= Work instruction =
Scan the records for the word "April". Report each line where it occurs.

= Data entries =
..........
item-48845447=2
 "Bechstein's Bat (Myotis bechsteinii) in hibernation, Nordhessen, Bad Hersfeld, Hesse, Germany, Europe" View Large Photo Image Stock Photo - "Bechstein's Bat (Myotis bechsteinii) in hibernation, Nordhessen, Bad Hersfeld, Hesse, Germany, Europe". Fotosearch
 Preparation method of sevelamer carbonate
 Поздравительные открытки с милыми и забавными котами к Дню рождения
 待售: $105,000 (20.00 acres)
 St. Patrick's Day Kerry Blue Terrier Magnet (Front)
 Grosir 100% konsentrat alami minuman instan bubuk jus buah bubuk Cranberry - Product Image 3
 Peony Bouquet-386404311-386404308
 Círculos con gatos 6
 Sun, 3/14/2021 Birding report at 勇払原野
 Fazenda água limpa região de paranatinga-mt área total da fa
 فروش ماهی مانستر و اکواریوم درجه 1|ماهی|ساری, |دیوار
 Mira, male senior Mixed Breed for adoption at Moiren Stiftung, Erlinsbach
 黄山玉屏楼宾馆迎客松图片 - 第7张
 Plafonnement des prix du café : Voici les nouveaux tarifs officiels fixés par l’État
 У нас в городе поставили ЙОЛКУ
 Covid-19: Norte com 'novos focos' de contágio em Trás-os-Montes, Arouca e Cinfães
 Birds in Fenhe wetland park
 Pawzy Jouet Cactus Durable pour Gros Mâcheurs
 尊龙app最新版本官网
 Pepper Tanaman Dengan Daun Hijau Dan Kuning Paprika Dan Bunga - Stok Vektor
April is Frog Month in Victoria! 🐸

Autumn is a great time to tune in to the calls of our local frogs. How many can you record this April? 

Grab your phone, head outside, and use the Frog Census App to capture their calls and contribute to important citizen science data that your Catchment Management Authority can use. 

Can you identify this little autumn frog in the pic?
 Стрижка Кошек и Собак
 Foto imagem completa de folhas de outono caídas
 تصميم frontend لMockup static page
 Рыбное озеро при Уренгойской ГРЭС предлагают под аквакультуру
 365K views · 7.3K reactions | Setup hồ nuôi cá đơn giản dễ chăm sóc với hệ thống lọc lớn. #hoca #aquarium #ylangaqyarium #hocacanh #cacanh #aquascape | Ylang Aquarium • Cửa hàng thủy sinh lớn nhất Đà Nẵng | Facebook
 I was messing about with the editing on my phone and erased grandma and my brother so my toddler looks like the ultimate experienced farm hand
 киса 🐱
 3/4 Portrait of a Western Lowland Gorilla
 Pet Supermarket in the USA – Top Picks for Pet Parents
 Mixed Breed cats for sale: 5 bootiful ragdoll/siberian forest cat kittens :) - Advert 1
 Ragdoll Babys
..........
= Answer to the problem =
April is Frog Month in Victoria! 🐸
Autumn is a great time to tune in to the calls of our local frogs. How many can you record this April? 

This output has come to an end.